Ringfort (Rath), Carrownaknockan, Co. Sligo
Co. Sligo |
Ringforts
On a north-facing slope in County Sligo, the ground quietly gives itself away.
A raised, roughly oval platform sits in open pasture, its enclosing earthen bank still running to nearly two metres in height on the southern side, where the builders piled the material highest. This is a rath, the Irish term for a ringfort, the type of enclosed farmstead that was built in its tens of thousands across Ireland during the early medieval period, roughly between the fifth and twelfth centuries. Most were the homes of farming families of middling status, the bank and external ditch serving as much as a boundary marker and a pen for livestock as any serious defensive structure.

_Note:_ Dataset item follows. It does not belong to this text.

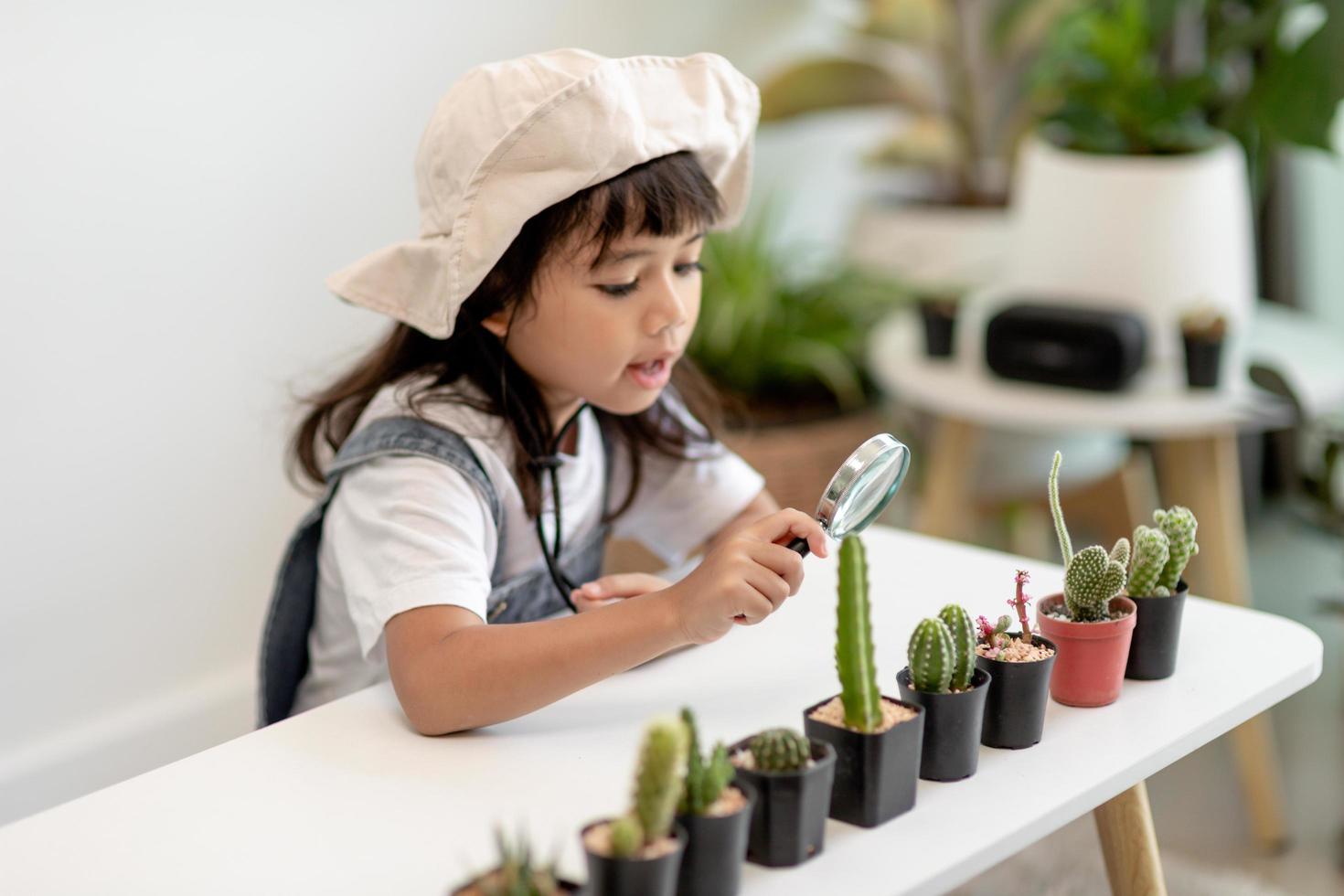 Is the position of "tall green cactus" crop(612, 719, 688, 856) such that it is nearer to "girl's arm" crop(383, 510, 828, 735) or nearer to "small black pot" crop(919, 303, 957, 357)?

The earthwork at Carrownaknockan measures approximately thirty-five metres across on its longest axis and twenty-nine metres on the shorter. The enclosing bank varies noticeably in width, running to around five and a half metres at the north and widening to seven metres at the south. Outside it runs a fosse, the formal term for a ditch dug to accompany an earthen bank, here roughly four and a half metres wide and nearly a metre deep at its maximum. Much of the western section of this fosse has been filled in over the centuries, and the northern stretch has disappeared almost entirely, the slow work of farming and weathering. The most likely position of the original entrance is on the north to north-east side, where the interior ground sits closest in level to the land outside, suggesting the builders left a low crossing point when the fosse was open.